More traffic was on the roads in January, both heavy trucks and light traffic, in a sign that strong economic growth last year was no "flash in the pan", according to a bank survey.
The ANZ Truckometer suggested the economy was settling into a sustained period of growth this year, though quarterly growth rates might have already peaked.
ANZ's Truckometer showed the Heavy Traffic Index was up a solid 1.7 per cent in January, and light traffic was up 1.2 per cent in the month.
Both sets of index figures were on "upward trends" which was seen as a good sign for economic growth in the second half of this year.
Quarterly growth in heavy traffic tends to move in line with economic growth, as trucks move produce around.
Light traffic is seen as a good indicator of growth six months down the track.
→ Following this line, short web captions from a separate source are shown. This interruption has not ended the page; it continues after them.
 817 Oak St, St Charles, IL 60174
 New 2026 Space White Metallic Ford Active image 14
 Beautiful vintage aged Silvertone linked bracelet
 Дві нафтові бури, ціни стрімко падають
The willingness to buy and drive a car is the ultimate measure of "money where your mouth is" consumer confidence, ANZ says.
That confidence is then reflected in other spending, hiring and investment decisions, ultimately seen in GDP figures six months later.
Service vehicles, such as courier vans, are also captured in the light traffic flows.
The Heavy Traffic Index rose 1.7 per cent in January after a gain of 1.4 per cent in December, cementing a "steep" trend up in the index.
Heavy traffic flows on nine of the 11 key roads rose in January.
ANZ is picking December quarter economic growth of 0.9 per cent, following the strong September quarter, led by an exceptionally strong bounce back in agricultural production after last summer's drought.
The economy grew a storming 1.4 per cent in the September quarter, boosted by agriculture up 17 per cent as dairy production came back in a rush.
Light traffic improved in January, but the trend had "moderated slightly".
"Some moderation in growth rates would not be surprising in light of the growth surge in the second half of 2013, but the ANZ Truckometer continues to flag solid momentum, across the country," ANZ said.
The recent run of strong results in light traffic has resulted in the most sustained implied quarterly growth profile since the bounce out of recession in 2009-10.
While the Light Traffic Index suggested growth ahead, like the Heavy Traffic Index, it suggested that the September quarter may have been the peak in quarterly growth, ANZ said.